As part of the series of conferences celebrating the 350 years of existence of the ELTE Faculty of Law, the Department of Criminology also organised one. Vig Dávid underlined that the trial of Gulyás Márton and Varga Gergő, accused of public nuisance committed in a gang (csoportos garázdaság) was seen by 300,000 people, thanks to live feed. Since then, this number has grown; at the conference ‘Our New Procedural Codes, part 3: The New Code for Criminal Procedures’, related to this study, I spoke about 420,000. This figure has not increased much since then, but at of the time of writing, one of the videos has generated 423,000 views, 10,000 comments and 3,500 shares on personal social media pages. Certainly, these data must be considered with care: there must have been people who clicked on the video more than once. However, it is also certain that if the video was (is) watched by multiple people, the system still counts it as only one person, even though it reached several viewers. In other words, the exact size of the audience is hard to estimate, although it is telling and truly astonishing that hundreds of thousands were interested in the court trial and the case.
This demonstrates that the notion of ‘publicity’ is constantly widening; the functioning of the justice system is reaching an ever-growing number of people via different channels. The figures above seem to reflect the need for it, not only from the part of lawyers.
In conclusion, it cannot be examined at the appeals level whether the functions of publicity were achieved in the specific cases. Nor can one measure the impact the exclusion of the public may have had on the proceedings. Because of this logic, putting forward the goals, the above does not work in practice. The need for publicity is a pillar of the freedom of information, transparency and accountability, as well as the only way for society to monitor the justice system. Accordingly, having these two aims in mind, I doubt that t ‘downgrading’ these practices into relative procedural errors is indeed feasible.
4 The Court of First Instance Failed to (Wholly) Fulfil Its Duty to Give Reasons for the Conviction, the Acquittal, the Dismissal of the Proceedings, the Classification of the Act, the Sentencing or the Application of the Measure Pursuant to the Criminal Code
The obligation to give reasons is a limitation on the freedom of judicial discretion and, therefore, judicial arbitrariness, which is another considerable change. As I have elaborated in connection with the exclusion of the public, it is hard to envisage that this provision will be feasible in practice. One may only approach the norm from the other (opposing) side.

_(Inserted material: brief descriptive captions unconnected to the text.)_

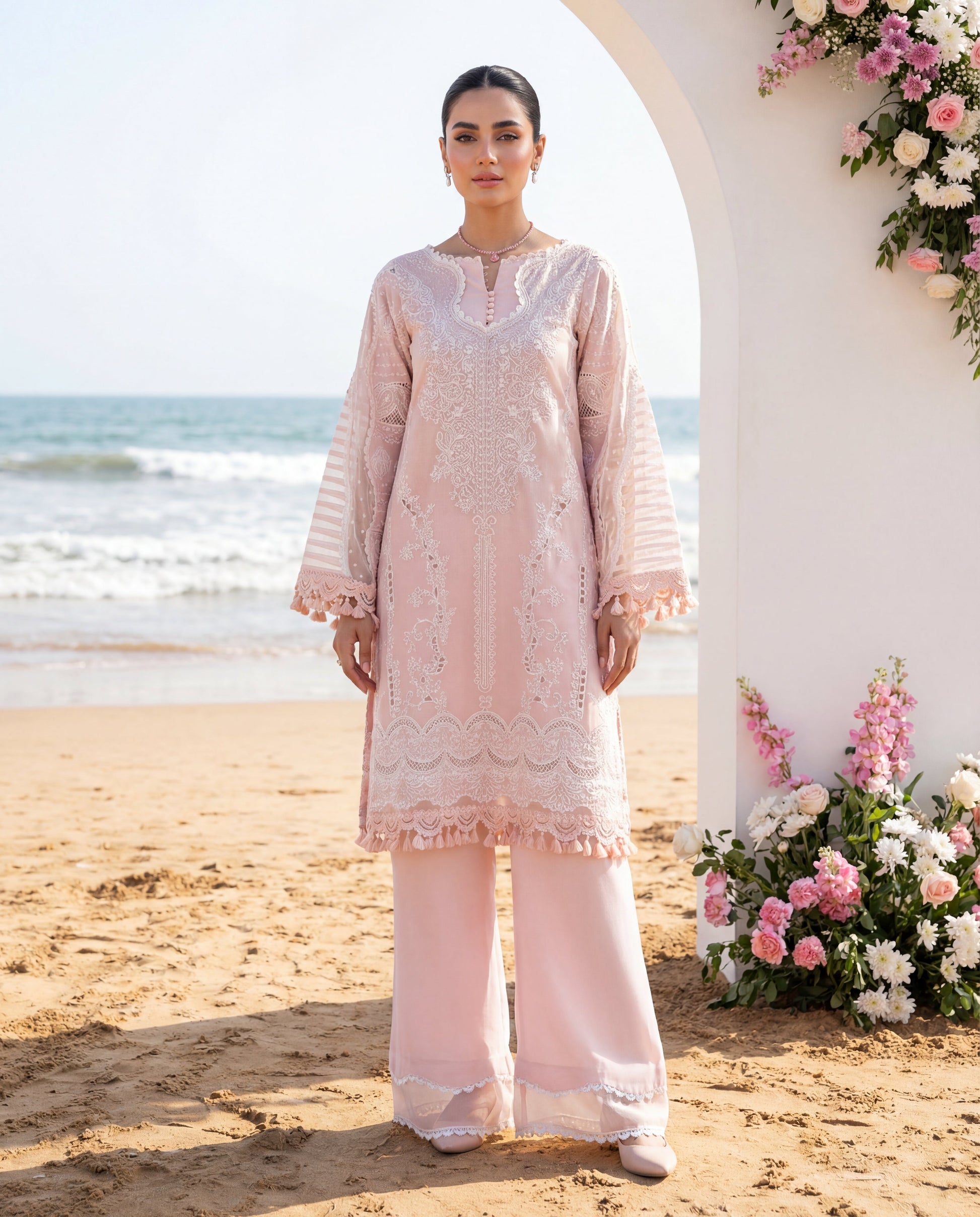 Threads and Motifs | Formal Outfits | 10670 - by Libasekhas UK - Registered Vendor of : Threads and Motifs - 100% Original Designer Dress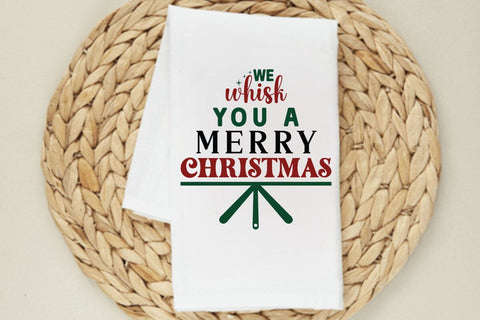 We whisk you a merry christmas SVG Angelina750 
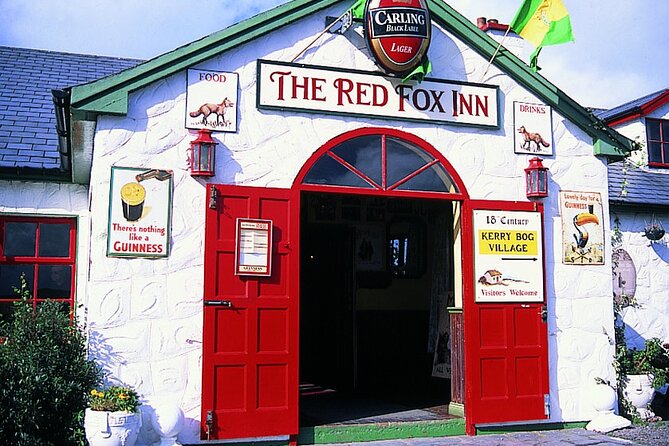Full-Day Ring of Kerry Tour from Killarney - Killorglin, Kells, and the road to Dingle Bay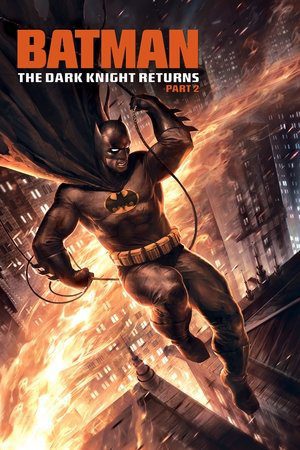 Batman Kara Şövalye Dönüyor 2.Bölüm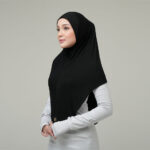 Hijab Sport Black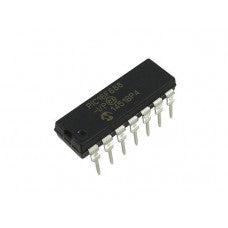 The microcontroller PIC16F688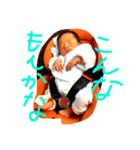 りっくんの気分（個別スタンプ：7）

If the judge failed to fulfil or only partially fulfilled that duty and the procedural error under Section 609 (1) d) of the CP cannot be relied upon because the infringement did not have a substantive effect on the proceedings, the court of second instance must substitute or complement the statement of reasons.
In other words, the question is the following: how is it possible to substitute a statement of reasons in the appeals procedure, bearing in mind the tasks and objectives of this forum? The essence of judicial reasoning is in fact that the judge renders an account of why and on the basis of which evidence they made their ruling about, for example, the guilt or innocence of the defendant. Simply said, we can see a logical explanation that cannot be remedied by someone who did not examine the evidence directly at the trial. As a result, in the absence of a proper statement of reasons behind the main question of the proceedings, the classification of the crime or the sanctions applied, it can hardly be rectified in a well-founded manner by the appeals court. Perhaps the reasoning for the sanctions is the only case where the second instance body might be permitted to substitute the lacunae left by the original court, although the independence of judiciary (albeit to a lesser degree) is still affected, since it is not the original judge who explains their choice of a sanction. Nevertheless, in order to ensure the uniformity of the law, the appeals courts currently have a responsibility to strive to substitute the lacunae of the court of first instance through a reformatory decision on matters of law.
Should this case arise, it has to (should) automatically lead to an annulment of the judgment, according to the rules of the former Code. It is so because, if it can be established that the reasoning does not explain (either for matters of fact or law) why the court reached its ruling, the decision must be to quash it. Thus, I consider the balancing, to be performed by the appeals court when deciding on the existence of a relative procedural error, unnecessary. In order to ensure well-founded decisions, it would be much more expedient to define this degree of the breach of the duty to give reasons as absolute grounds for quashing it, the infringement would cover the missing dicta that cannot be remedied by a second instance court, and where it is difficult to imagine that its absence would not have a substantive effect on the proceedings.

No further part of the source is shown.